Creamy Layer Exclusion : Centre Opposes Application To SC/STs; Seeks Reference To Larger Bench

Creamy Layer Exclusion : Centre Opposes Application To SC/STs; Seeks Reference To Larger Bench

Submitting that the observations made by a constitution bench in a 2018 judgment on the extension of creamy layer exclusion to SC/STs require reconsideration, the Attorney General on Monday sought reference of this issue to a larger bench of seven judges.

"The concept of creamy layer cannot be applied to SC/STs", submitted the AG before a bench of CJI S A Bobde, Justices Surya Kant and B R Gavai.

This was opposed by Senior Advocate Gopal Sankaranarayanan, who appeared for groups representing poor within Scheduled Castes. He urged the Court not to re-open the issue which has been authoritatively settled by a Constitution Bench decisin.

The Court said that it will consider the issue after two weeks.

In the 2018 judgment in Jarnail Singh case, a Constitution Bench held the 2006 judgment in Nagaraj case to be wrong to the extent it had stated that quantifiable data showing backwardness of SC/STs was necessary for giving them reservation in promotions.

In Jarnail Singh, a 5-judges bench comprising the then CJI Dipak Misra, Justices Kurian Joseph, R F Nariman, S K Kaul and Indu Malhotra had made observations regarding applying creamy layer exclusion to SC/STs as well.

Creamy Layer Test Can Be Applied To Promotions Of SC/STs, SC Holds While Declining To Refer Nagraj Verdict To Larger Bench [Read Judgment]

Giving a stamp of approval to application of creamy lawyer principle to SC/STs, the court asserted that the objective of reservation would not be fulfilled if only the creamy layer within that class bag all the coveted jobs in the public sector and perpetuate themselves, leaving the rest of the class as backward as they always were.
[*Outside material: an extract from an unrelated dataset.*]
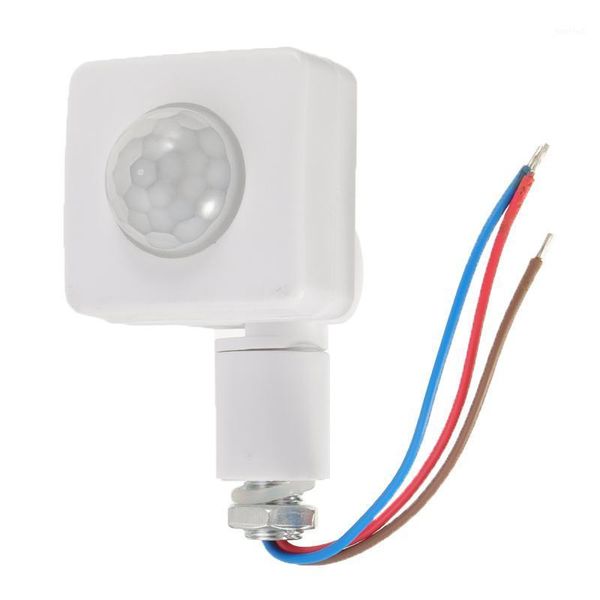 smart home sensor led motion automatic infrared pir detector light switch wall mount outdoor adjustable ac85-265v1
smart home sensor led motion automatic infrared pir detector light switch wall mount outdoor adjustable ac85-265v1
The judgment authored by Justice Nariman said :

"The whole object of reservation is to see that backward classes of citizens move forward so that they may march hand in hand with other citizens of India on an equal basis. This will not be possible if only the creamy layer within that class bag all the coveted jobs in the public sector and perpetuate themselves, leaving the rest of the class as backward as they always were. This being the case, it is clear that when a Court applies the creamy layer principle to Scheduled Castes and Scheduled Tribes, it does not in any manner tinker with the Presidential List under Articles 341 or 342 of the Constitution of India,"

The judgment added that Constitutional Courts, when applying the principle of reservation, will be well within their jurisdiction to exclude the creamy layer from such groups or sub-groups when applying the principles of equality under Articles 14 and 16 of the Constitution of India.

Furthermore, the court advocated for harmonious interpretation of Articles 14 and 16 with Articles 341 and 342, asserting that "it is clear that Parliament will have complete freedom to include or exclude persons from the Presidential Lists based on relevant factors."

The judgment affirmed that when M. Nagaraj applied the creamy layer test to Scheduled Castes and Scheduled Tribes while upholding the constitutional amendments leading to Articles 16(4-A) and 16(4-B), it did not in any manner interfere with Parliament's power under Article 341 or Article 342. Therefore, the Constitution Bench held that there was no necessity to revisit Nagaraj judgment in so far as it applied the creamy layer test.

At present, the concept of creamy layer exclusion is applicable only to Other Backward Classes (OBC) category.